This page describes the instruction format for the microcode in core revisions 5 and higher. 4 and lower use a different format.
Contents
- general
- instruction format
- operands
-
instructions
- arithmetic
- logical
- jumps
- subroutines (rev 5-14 cores only)
- subroutines (rev 15+ cores only)
- TKIP Sbox lookup
- nap
general
The processor always works on 16-bit words. Hence, all memory addressing is also done in 16-bit quantities (except for jumps, which are done in instruction numbers or 8-byte quantities). For example, to write to the shared memory at byte offset 0x002 you have to write to 0x001 from the microcode.

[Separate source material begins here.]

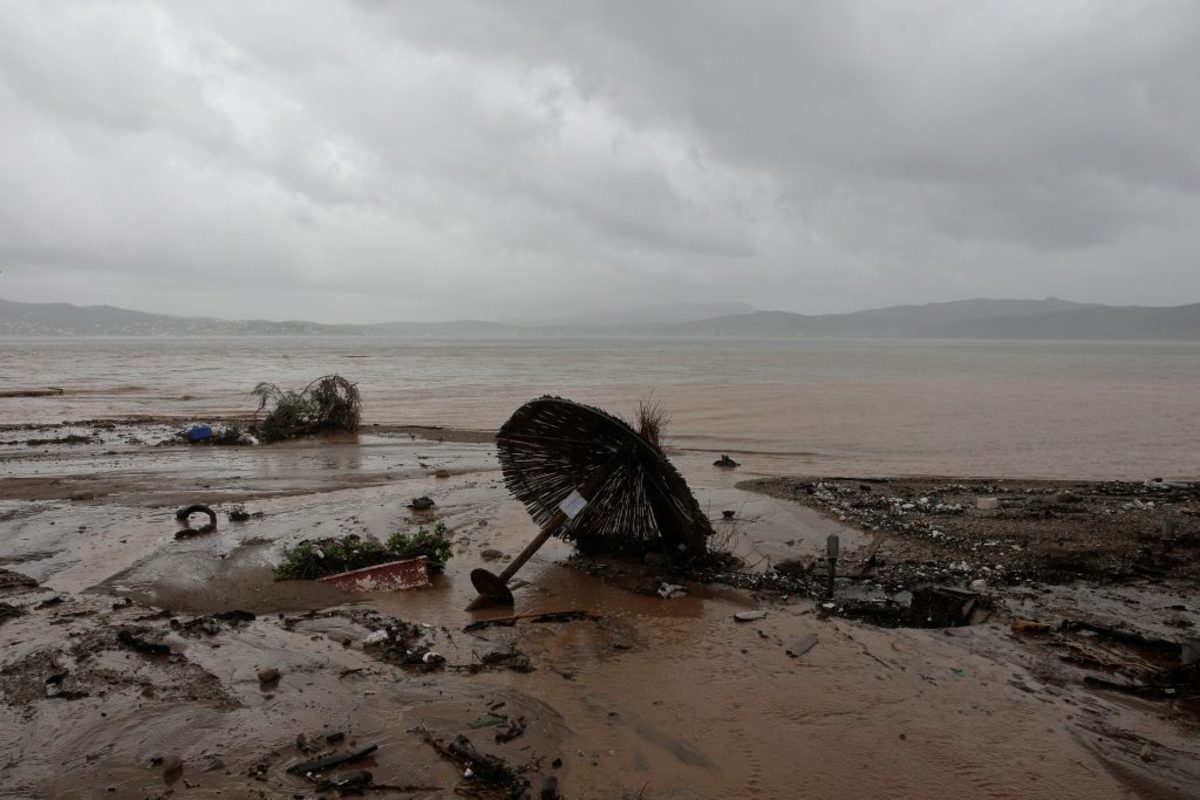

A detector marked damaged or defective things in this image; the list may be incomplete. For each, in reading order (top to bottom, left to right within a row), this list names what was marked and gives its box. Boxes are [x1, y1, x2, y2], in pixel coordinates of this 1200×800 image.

damaged beach furniture [466, 396, 712, 608]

The processor works completely in little endian.
instruction format
We write instructions as
ooo Xxx yyy zzz
with each character indicating 4 bits, while the actual instruction in binary is then
xxyyyzzz0000oooX
if you treat the firmware as 32-bit values converted to big endian. If you treat it as 64-bit values and then convert to big endian, it becomes easier:
0000oooxxxyyyzzz
Core revisions 15 and up use yet a new microcode format. It uses the same instructions, but each operand has 13 instead of twelve bits, in 64-bit big endian again (this time each character being a bit):
0000000000000ooooooooooooXxxxxxxxxxxxxYyyyyyyyyyyyyZzzzzzzzzzzzz
Also, some instructions are written in the same way as
ooo Xxx yyy jjj
or
ooo Aaa bbb ccc
Which will be explained in more detail with the instruction. If nothing else is mentioned, xxx, yyy and zzz always denote regular operands as below.
operands
For core revision 5 to 14 the operands look like this.
xxx is (binary) |
result |
0b0mmm mmmm mmmm |
m is a memory (shm) address (you can only use one as input per instruction) |
0b100. .... .... |
register access (you can only use one as input per instruction) |
0b101r rroo oooo, 0 <= r <= 6 |
memory at oooooo + Base r |
0b1011 10.. .... |
(does not exist?) |
0b1011 11rr rrrr |
CPU register r |
0b11ii iiii iiii |
i is a 10-bit signed immediate (sign extended to 16 bits before operating with) |
For core revisions 15 and up, the prefixes are the same but the variable part is longer although it's not sure whether there really are more registers and more memory.
xxx is (binary) |
result |
0b0mmmm mmmm mmmm |
m is a memory (shm) address (you can only use one as input per instruction) |
0b100.. .... .... |
register access (you can only use one as input per instruction) |
0b101rr rooo oooo |
memory at ooooooo + Base r |
0b10111 0... .... |
(does not exist?) |
0b10111 1rrr rrrr |
CPU register r |
0b11iii iiii iiii |
i is a 11-bit signed immediate (sign extended to 16 bits before operating with) |
instructions
arithmetic
add
1cL xxx yyy zzz
zzz := xxx + yyy + (carry if applicable)
L can have values ORed from the following:
mask |
meaning |
0x1 |
use carry bit |
0x2 |
set carry bit |
This is not the same as the one for sub.
sub
1dL xxx yyy zzz
zzz := xxx - yyy - (carry if applicable)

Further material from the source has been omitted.